Prepare clients for OAS and tax changes

By Vikram Barhat | December 17, 2012 | Last updated on September 15, 2023
4 min read

There’s a bigger issue behind the new OAS rules than rising life expectancy of Canadians.

It’s the problem with the ratio of working Canadians to seniors, said Jamie Golombek, managing director, tax and estate planning, CIBC Private Wealth Management at an event hosted Tuesday by Renaissance Investments.

“Right now that ratio is 4.5 to 1, but in 50 years that ratio will drop to 2 to 1,” he says. “Which means only two people will be paying taxes for each person collecting OAS. This is not feasible.”

However, the government has incentivized waiting until age 67 to draw OAS.

Read: OAS changes may lead to $10 billion annual savings

“Starting next July there’s going to be an option to defer OAS,” says Golombek. “You [may] choose to defer for up to five years and there’ll be an actuarial adjustment upwards if OAS is collected later.”

For example, if a person turns 65 next September and defers claiming OAS by one year, the annual amount received under OAS will increase from $6,400 to $6,900, which will additionally be adjusted for inflation. The amount, says Golombek, jumps to $8,800 a year if the person waits a full five years.

However, these take-it-later rules only apply if your client is in a reasonably good health, he warns.

“If they’re dying or are not in a good health, they should collect OAS as soon as possible even if there’s a clawback,” he says.

The maximum OAS monthly benefit is about $540 for 2012. The OAS clawback threshold is $69,562.

Pro-active OAS enrollment

Under the current rules, eligible Canadians have to apply to get OAS. If they’re late, they will only get payments for the previous 11 months plus the month of application, says Golombek.

“But that has changed [and] starting next year the government is introducing a pro-active enrollment regime” in which eligible Canadians will receive forms requesting them to enroll in or defer OAS.

U.S. tax issues

There’s has been a number of tax-related developments this year with implication for the estimated million Americans living in Canada.

Read: IRS issues guidelines for tax compliance

One of them, Golombek says, is they must file income tax returns every year reporting their worldwide incomes. They must also file the Foreign Bank Account Reporting form, or FBAR, if they have more than $10,000 of foreign (including Canadian) assets.

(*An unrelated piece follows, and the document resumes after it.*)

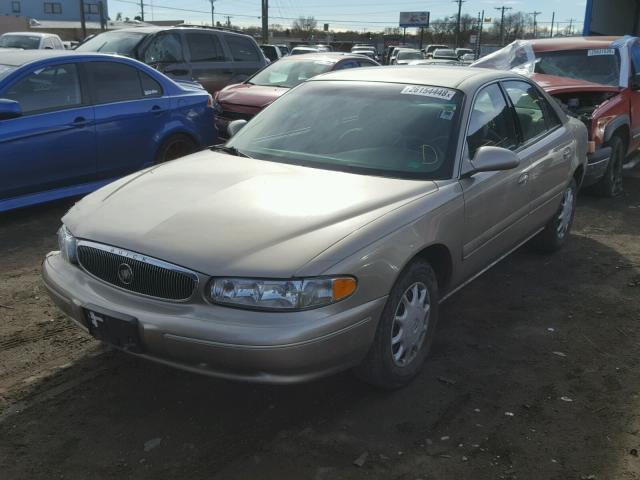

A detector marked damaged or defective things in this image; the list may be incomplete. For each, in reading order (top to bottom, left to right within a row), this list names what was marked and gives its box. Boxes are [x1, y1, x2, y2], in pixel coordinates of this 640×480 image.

red damaged car [212, 53, 378, 139]
red damaged car [476, 35, 640, 197]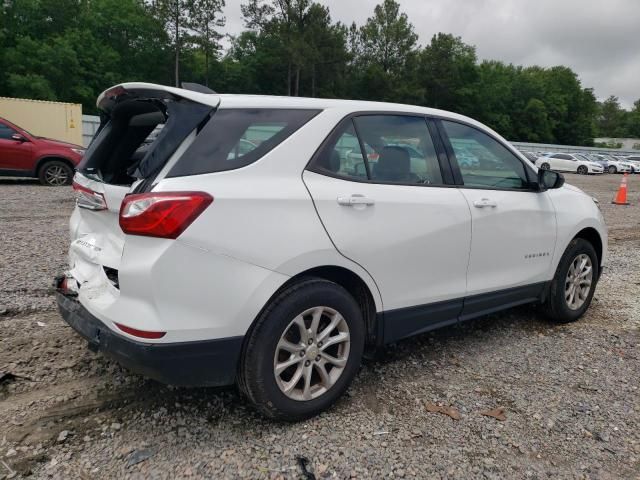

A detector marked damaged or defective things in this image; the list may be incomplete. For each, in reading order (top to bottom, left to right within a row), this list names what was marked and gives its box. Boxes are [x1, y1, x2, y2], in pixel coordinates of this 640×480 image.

Those holding TFSAs or RESPs must file form 3520 or 3520-A. Finally, those who have an RRSP or RRIF account have to annually file form 8891 to defer U.S. income tax on the income being created in these accounts.

“Obviously not all [Americans living in Canada] have been compliant with this for the last four years,” says Golombek.

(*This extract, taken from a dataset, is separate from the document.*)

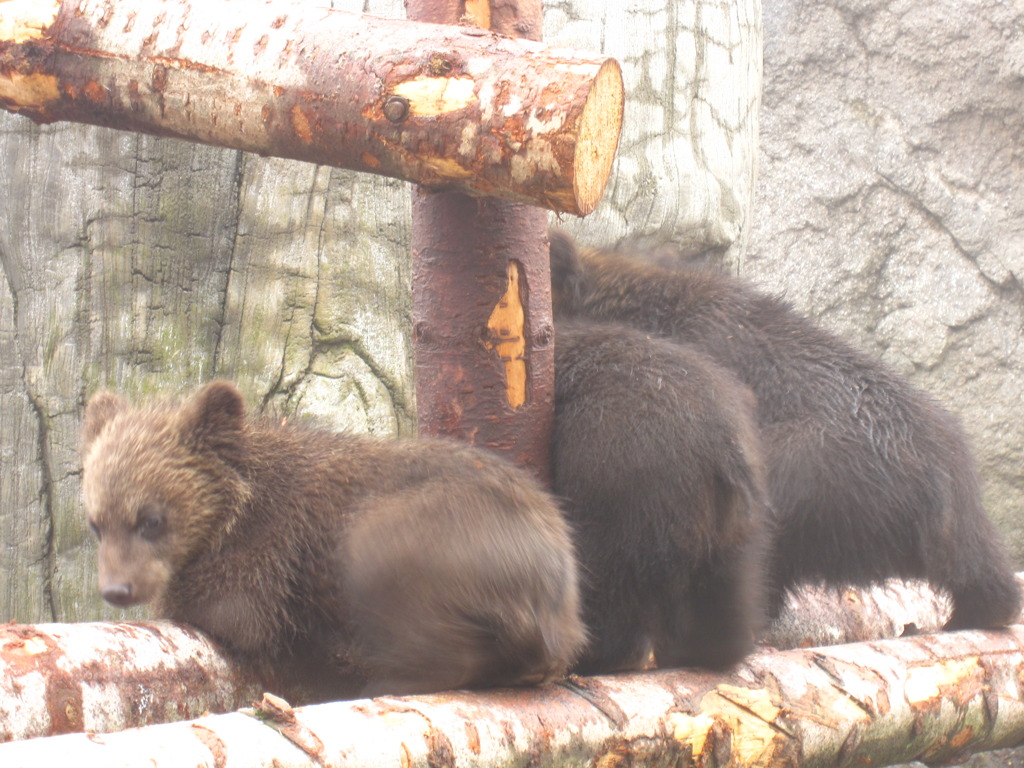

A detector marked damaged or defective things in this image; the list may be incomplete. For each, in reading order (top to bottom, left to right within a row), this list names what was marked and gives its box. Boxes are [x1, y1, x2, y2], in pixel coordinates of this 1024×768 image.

Luckily, the U.S. government has launched some programs to help these people.

The Offshore Voluntary Disclosure Program was announced in January and doesn’t have an expiry date. It obliges non-resident Americans to file eight years of returns, eight years of FBAR, and “all kinds of returns.”

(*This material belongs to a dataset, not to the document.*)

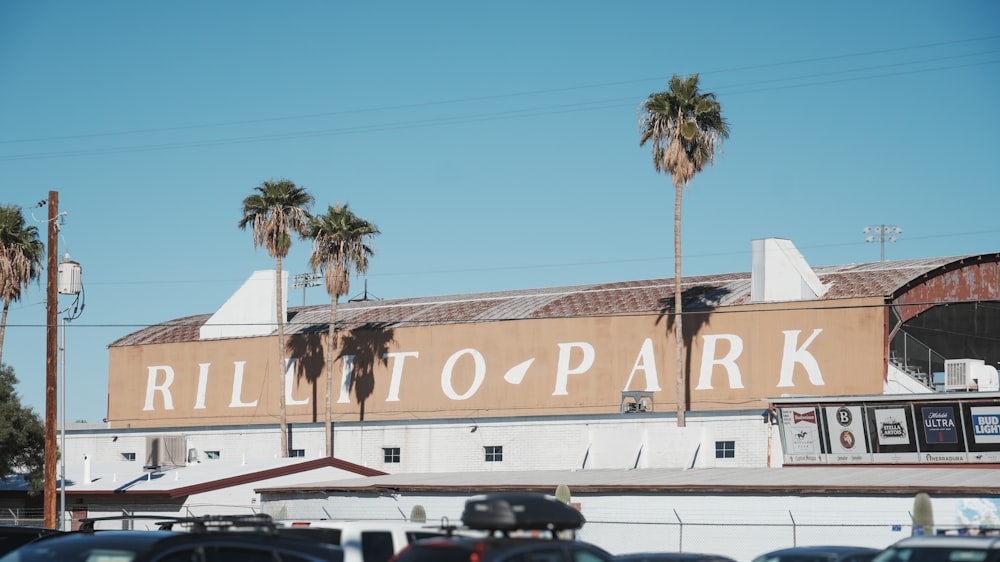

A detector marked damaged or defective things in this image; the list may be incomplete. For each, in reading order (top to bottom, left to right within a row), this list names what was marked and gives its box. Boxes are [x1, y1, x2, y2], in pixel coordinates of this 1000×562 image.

rusty metal roof [107, 253, 984, 346]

However, under pressure from its Canadian counterpart, the U.S. government announced a new rule in June for “low-risk” dual citizens.

“Low-risk taxpayers [are] non-resident U.S. tax payers who have lived outside the U.S. and have not filed tax returns since January 1, 2009 and hold under $1,500 of U.S. tax every year,” explains Golombek. “If this applies to you, you have to file three years of returns, six years of FBARs, pay any related taxes and interests — and the IRS says ‘no penalties or follow-up actions’.”

Other than wealthy clients or those with U.S. dealings, “many of your non-filing U.S. citizen clients would fall in this area.”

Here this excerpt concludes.